[DB-SIG] Fetching result sets

Matthew T. Kromer matt@zope.com
Tue, 18 Sep 2001 12:12:43 -0400


Keating, Tim wrote:

>>>On a side note, I've always been a bit dissapointed by how 
>>>
>>long it takes
>>
>>>to actually wrap data from the RDBMS to python.  For 
>>>
>>example, my C layer
>>
>>>API can retrieve 39100 results from a Zip code table in .7 seconds
>>>(actually fetching the data into an opaque result set); yet the
>>>operation of turning these into python values adds an additional 2.4
>>>seconds -- by the time it goes through all of the python 
>>>
>>layered above,
>>
>>>it blows out to about 9 seconds for a fetchall(). Granted, 
>>>
>>part of that
>>
>>>is because that code is not highly optimized, but it still irks me.
>>>
>>Well, this is most certainly due to the fact that Python stores
>>the values in objects rather than a C array. (You could, however,
>>try to use the array module for faster access to these values.)
>>
>
>Actually, the way to do large homogeneous ops in oracle is to use bulk
>binding w/ PL/SQL tables. Unfortunately, I don't believe DCOracle2 supports
>this currently. (For that matter, does the Python DB API?)
>
>I recently had to do this, writing an application-specific module on top of
>OTL. Inserting 1000 rows manually (i.e. doing 1000 INSERT statements) took
>about 4 seconds, bulk binding was .4 seconds.

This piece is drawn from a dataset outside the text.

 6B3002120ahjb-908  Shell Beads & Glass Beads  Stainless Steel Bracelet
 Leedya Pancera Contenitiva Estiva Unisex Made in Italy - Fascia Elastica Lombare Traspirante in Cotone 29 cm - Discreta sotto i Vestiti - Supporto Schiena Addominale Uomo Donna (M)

However, while 10K rows took
>40 seconds with individual inserts (as expected), the cost of bulk binding
>merely doubled (.8 seconds).
>
Actually, I do do bulk binds, as you put it...  the down side is, I 
normally use dynamic vs static binds, and Oracle tends to puke on 
dynamic fetches -- it will randomly SKIP the callback on linux.  So I 
also have a setStatic() tweak (which is currently used) to change them 
into static binds when they are read-only.  When I was last actively 
looking at it, THAT puked on Solaris (usually one or the other works, 
though).

The executemany() op when given an array will set it up as a large array 
bind; although I think the limit imposed in the python layer is like 200 
rows at a time.

My test databases usually aren't set up for fast-write speeds though, so 
it's hard for me to give accurate "it's THIS much faster" numbers.  My 
test program is a zipcode table creator, which puts in 39100 zip codes 
with zip, city, state, country, latitude, longitude and the two test 
programs yeilded the following results:

record-at-a-time:     148 seconds or 0.004 sec/record
1000 record batches:    38 seconds or 0.001 sec/record

The loader does a  commit every 1000 records, which slows things down. 
 I would expect a higher than 4x speedup, which is why I expect either 
something is a bit wrong or it just takes a LOT of overhead to move data 
from python objects to buffers.  I'm sure my python-side code could be 
accelerated.